Tuesday, June 10, 2008

Kara Walker : Silhouette Seductress

Kara Walker examines stereotypes and racial identity by drawing on the old-fashioned aesthetic of shadow silhouette cutouts. Her show at the Hammer Museum: My Complement, My Enemy, My Oppressor, My Love, sets out to tell the tale of sensuality and seduction lost in the shadow of African American history.

Walker’s work is like walking into a life-size storybook scene of a perverted antebellum romance novel; the unabridged version of “Gone with the Wind.” Her paper cutouts portray scenes of sexual misconduct and manipulation that allude to many a sexually explicit act heavily peppered with historical metaphors.

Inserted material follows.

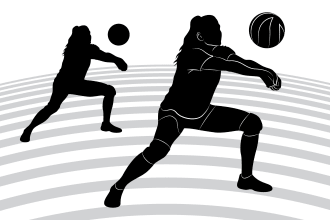 create a silhouette or stencil for your design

These scene variations are utilized in a repetitive fashion, allowing all the scenes to seamlessly blend into one another as we walk the carousel of shadows. A most poignant silhouette is one of three women interlocked in a continuous chain of suckling, each woman breathing in the historical breast of the other. The repetitive nature of Walker’s scenes is indicative of the repetitive nature of history. In a bizarre sensual ritual the stereotype torch is passed from generation to generation, like mother’s milk.

Walker’s conjuring of these racial profiles of the past forces us to search for our racial identities of the present and future. Even as we walk through the exhibition, projectors on the floor cast our shadows upon the gallery walls and we are compelled to examine our own silhouettes and own places in history.